そして、弔辞は読む長さにも気をつけなければなりません。弔辞の長さは一人当たり3~5分程度です。これを文字数にすると、800~1000文字程度であると考えておくと安心です。

家族書

家族書という言葉に馴染みがないという方も多いでしょうが、家族書は結婚する二人の家族や親族をそれぞれに紹介する目的で双方が作成して渡しあう書類です。

家族書の書き方は、父→母→祖父→祖母→兄弟姉妹(年齢順)→本人という順が一般的です。家族書に書くのは、原則として同居している家族ですので、祖父母などが別居している場合や、兄弟姉妹がすでに結婚して別世帯の場合には、家族書には記載しません。

また、兄弟姉妹が一人暮らしをしているなどで別住所に住んでいる場合でも、結婚していない場合には父母世帯の人間として家族書に名前を書きます。

暑中見舞い

便箋で暑中見舞いを書く場合には、少し大きめの文字で書くお見舞いの挨拶から書き始めます。お見舞いの挨拶の内容は「暑中お見舞い申し上げます」で良いのですが、お見舞いの挨拶には、句読点をつけないように注意しましょう。

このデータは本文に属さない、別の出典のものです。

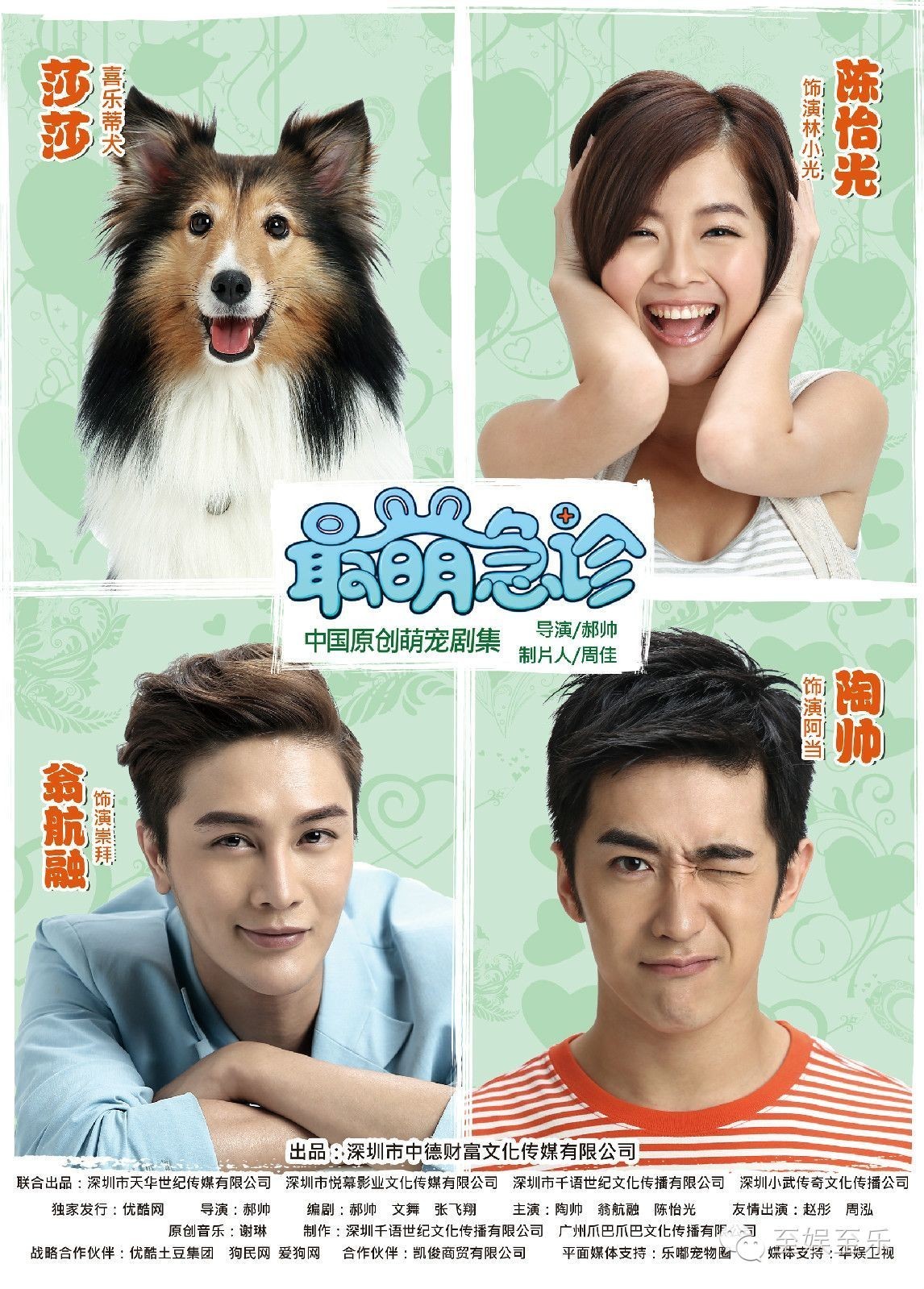 前方萌宠来袭！这些大陆宠物剧你都看过吗？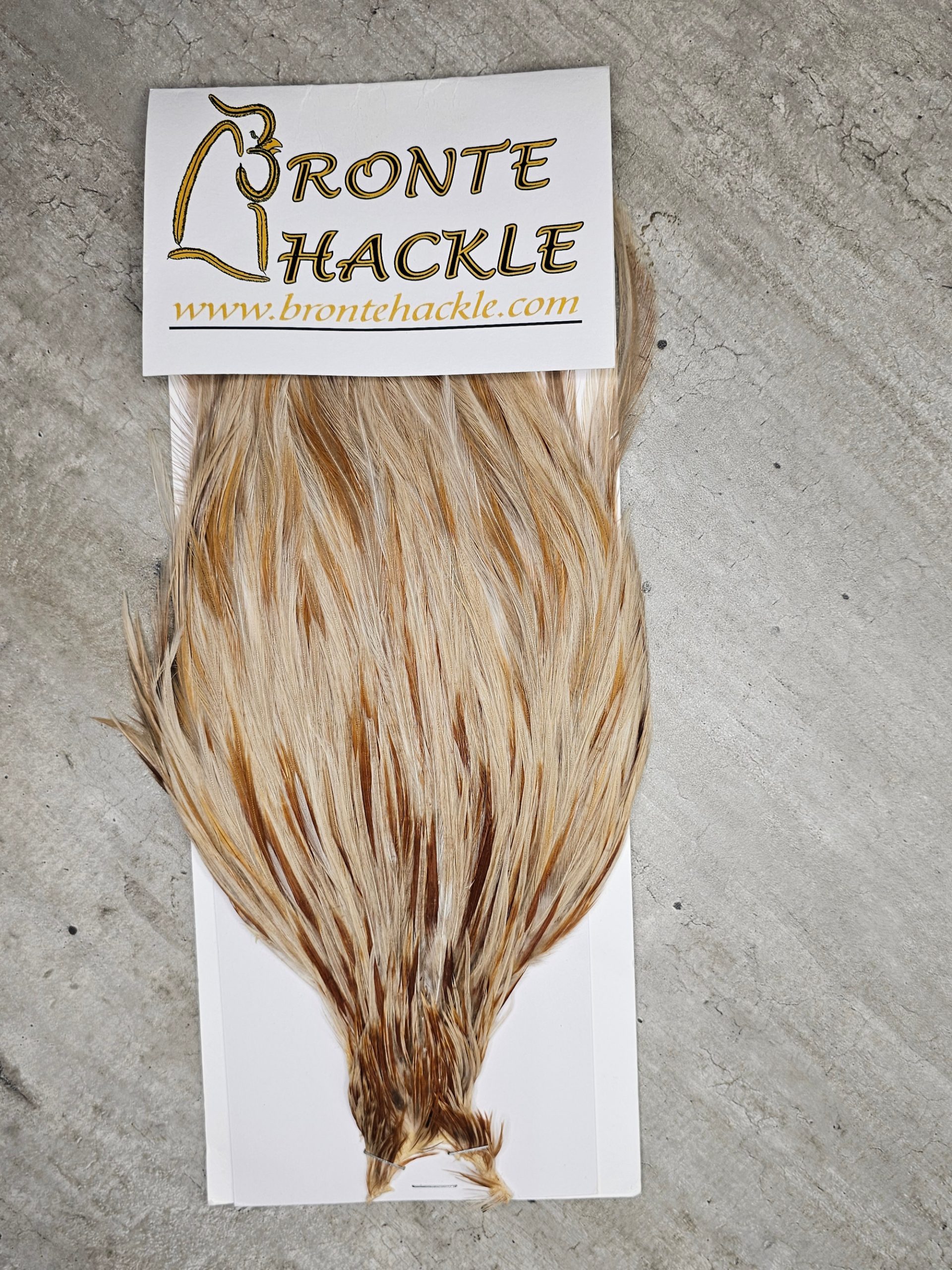 Bronte Hackle Cock Cape   cc-2019-71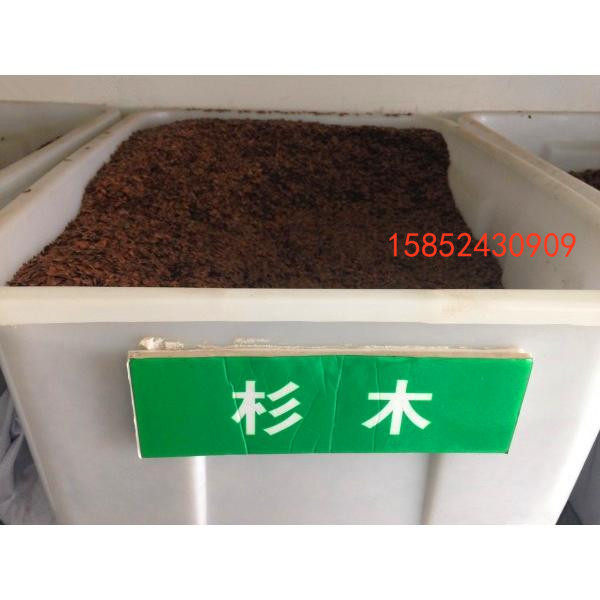 杉树种子 杉木种子 刺杉种子 沙木种子 沙树种子香杉新种子包发芽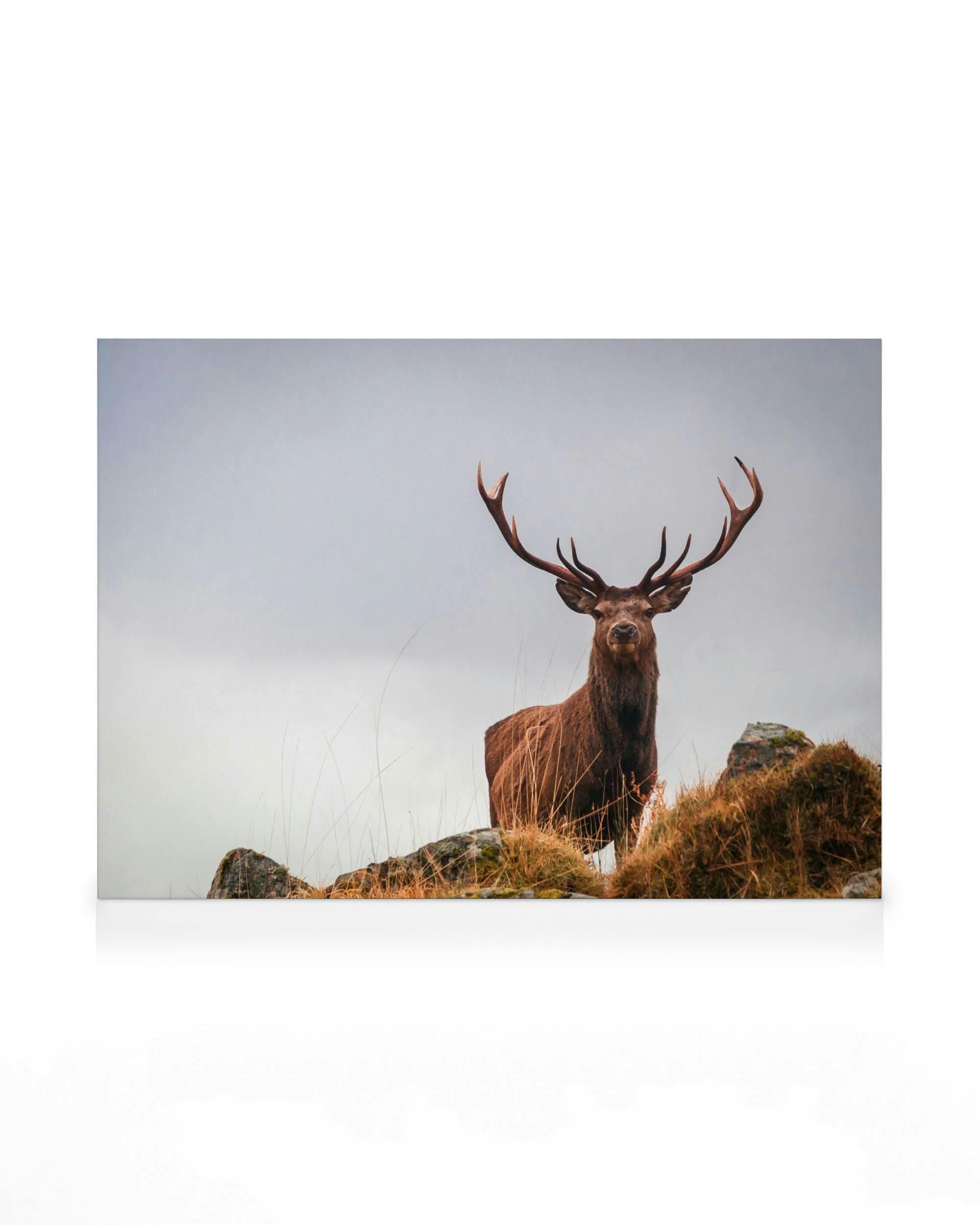 Canvastavlor - Röd hjort står stolt canvastavla (30 x 40 cm - Ekram) - Poster Store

次に、時候の挨拶から始まる主文で、相手の健康を気遣う言葉やあなたのお仕事やプライベートでの近況報告を行います。時候の挨拶は「梅雨明けとともに本格的な夏がやってまいりましたが」や「盛夏の折」や「大暑の候」など、あなたの感じている季節感を書くと良いでしょう。

次に、結びの挨拶として相手の健康への気遣いや、無事を祈る優しい言葉で締めくくりましょう。最後に日付を書くのですが、詳細な日付を書くのではなく「平成○○年 盛夏」と書きます。

このメール時代にあえて、便箋を使ってみませんか?

今回は、便箋での手紙の書き方やマナーについてご紹介してきましたがいかがでしたでしょうか。時代とともに変わりつつマナーもありますが、昔からの書き方やマナーには趣があるものがたくさんあります。

書き方やマナーを把握して、書けるようにしましょう。